LeBlanc said her daughter kept detailed notes of every classroom lecture and as she read the transcripts she became disturbed.
“Really,” she asked. “They can’t call the Holocaust Genocide? I was more upset with that than the lessons on Islam. It made me sick.”
And then came the comparison between the 9-11 hijackers and the freedom fighters.
Madelyn said a young man sitting beside her was stunned.
“He was shocked that we had to call them that,” she told Fox News. “He laughed and asked the teacher, ‘Is that a joke? Are you serious? Why do we have to call them that? That makes it sound okay (what they did) And it’s not.’”
Madelyn said the teacher didn’t know how to respond.
“She said it was something we have to learn for the end of the year testing,” she said. “I’m sure it was very difficult for her to do.”

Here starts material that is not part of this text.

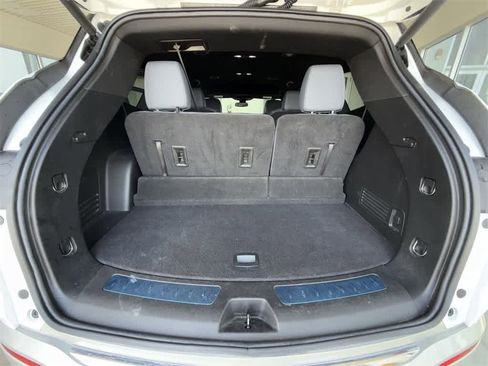Used 2023 Buick Enclave Essence image 22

Madelyn said the lesson about freedom fighters made her feel “terrible.”
“That made it sound like what they were doing was okay,” she said.

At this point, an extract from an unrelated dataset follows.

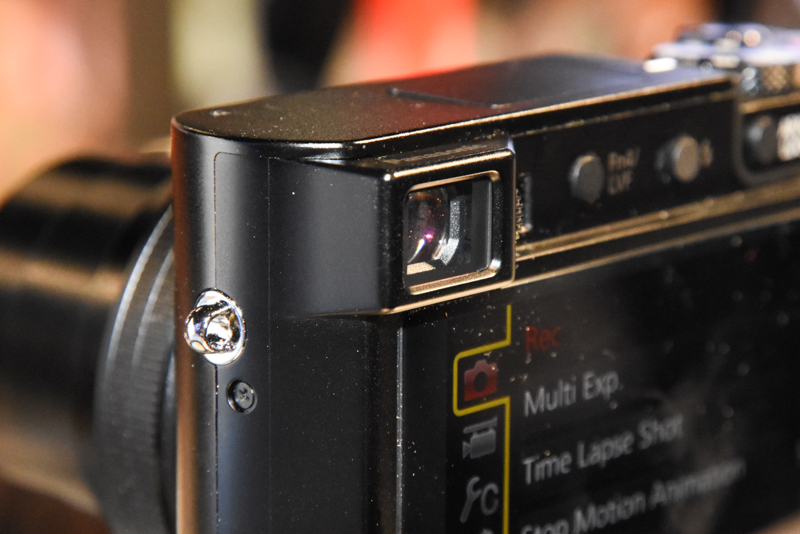 0.2型のEVF（LVF）を装備。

The superintendent also defended the lesson on freedom fighters.
“The whole idea behind this particular lesson – do you call yourself a freedom fighter or Islamic jihadist – or whatever it is you want to be called – you’ve got to put things in perspective,” the superintendent said. “We’re trying to teach the kids to discern for themselves that one thing can be called many different things.”

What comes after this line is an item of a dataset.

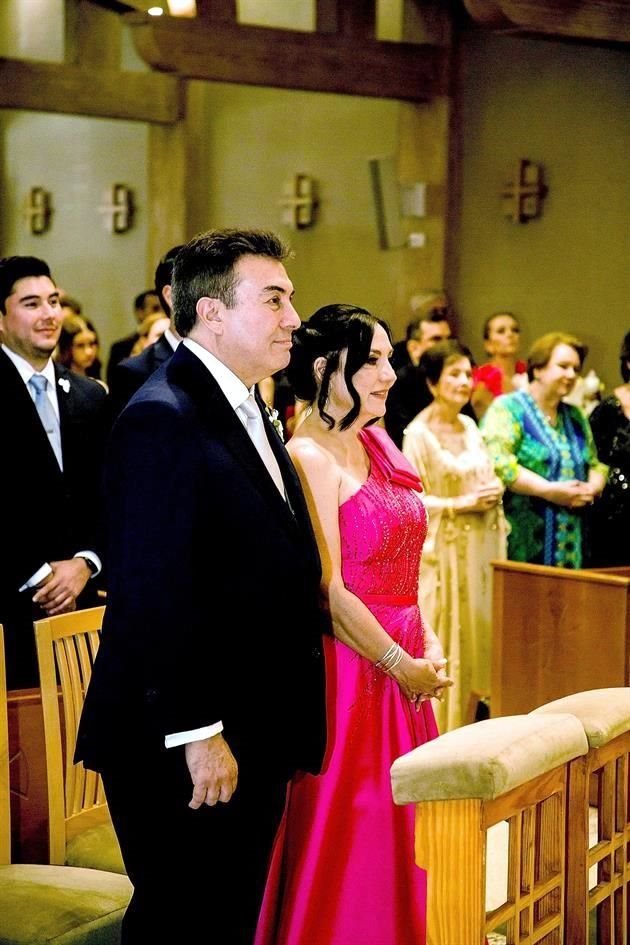PAPÁS DEL NOVIO. Fernando González Rocha y Patricia Zambrano de González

Valastro said it’s important for students to understand context.
“We might see it as terrorism, but from the Islamic side they might call it jihadist or freedom fighter,” he said.
The superintendent said he was not aware of the specific comments made about the 9-11 hijackers – but conceded there was only one side to the attack.
“I do agree it was a terrorist attack,” he said. “But in several classes across this country, you’re going to have a make-up of students from all over the world in your class. We teach it as an act of terrorism – whereas they are teaching it to their kids as a revolutionary event.”
LeBlanc said she was especially bothered by the lack of emphasis on other religions. She said there were hardly any lessons on Judaism and none on Christianity.
“I wondered how it was okay for them to go so in-depth into a religion from the other side of the world but it was not okay for them to be like that with Christianity,” she said.
“I try to stay open-minded,” she said. “I don’t want my daughter to be ignorant about the world. My kids watch the news with us. We make them aware. I don’t even mind the high school teaching these things.”
But, she added, there was no balance.
“They can talk about how important Mecca is – but why aren’t they talking about how important Christianity was to the founding of the nation,” she asked.
LeBlanc and other parents said they feel betrayed.
“We trusted these people,” she said of the school system. “It scares me. I feel like our school is being infiltrated. How can this not be a sign? We’re talking about Lumberton, Texas. We’re talking about a small town with Christian churches on every street corner. Right in our small school this is going on.”